→ Work to complete
Each line below should be retyped exactly, with no pictures.

→ Source data
#####

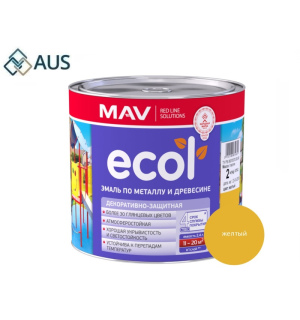 Эмаль По Металлу И Древесине жёлтая (MAV ECOL ПФ-115) 2,4л (2кг)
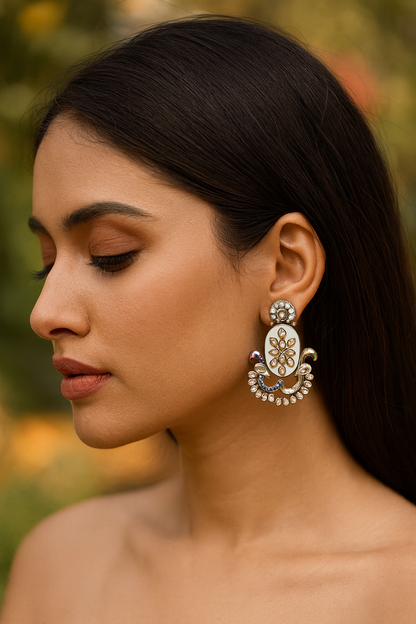 Traditional Silver Earrings with Kundan & Enamel Work
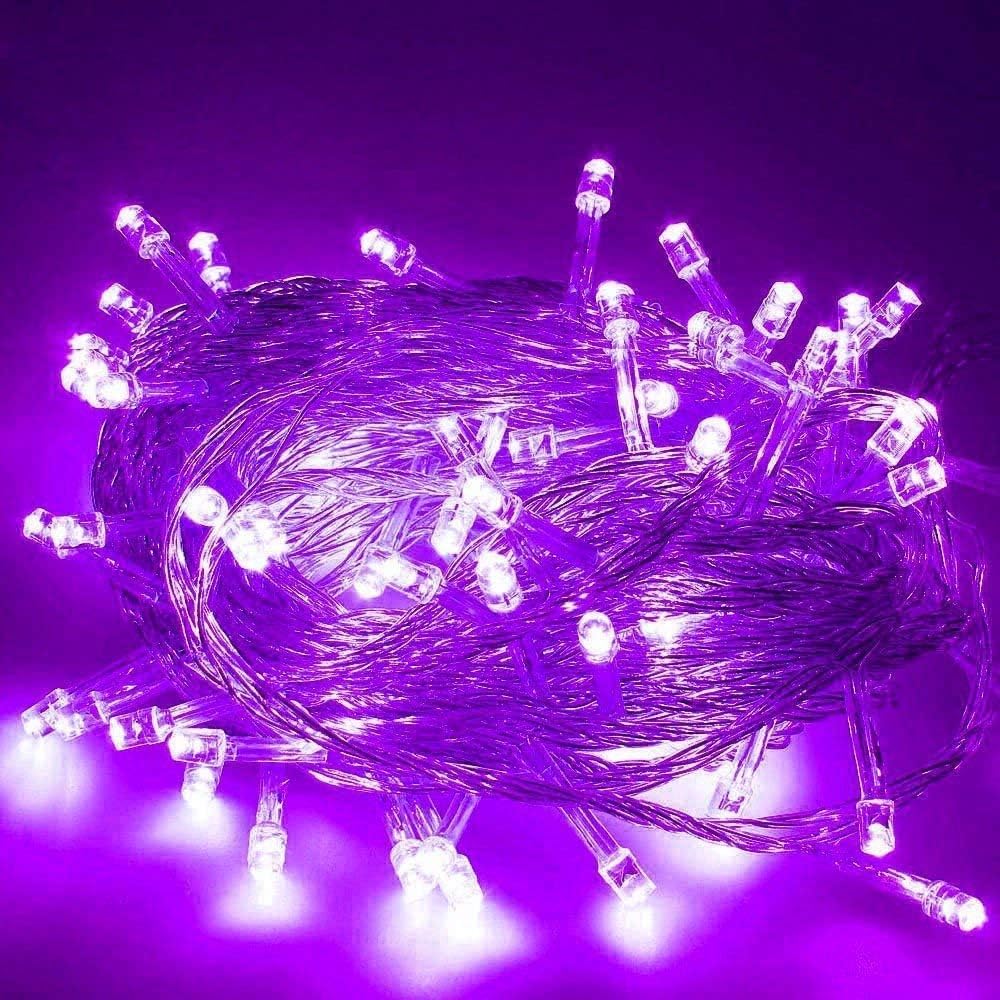 10m 80 Led Choinka Łańcuchy Białe Wewnątrz-na Zewnątrz Usb 2 Tryby Wodoodporne Na Imprezę Wesele Ogród Dekorować, Purple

#####

→ The answer
 Эмаль По Металлу И Древесине жёлтая (MAV ECOL ПФ-115) 2,4л (2кг)
 Traditional Silver Earrings with Kundan & Enamel Work
 10m 80 Led Choinka Łańcuchy Białe Wewnątrz-na Zewnątrz Usb 2 Tryby Wodoodporne Na Imprezę Wesele Ogród Dekorować, Purple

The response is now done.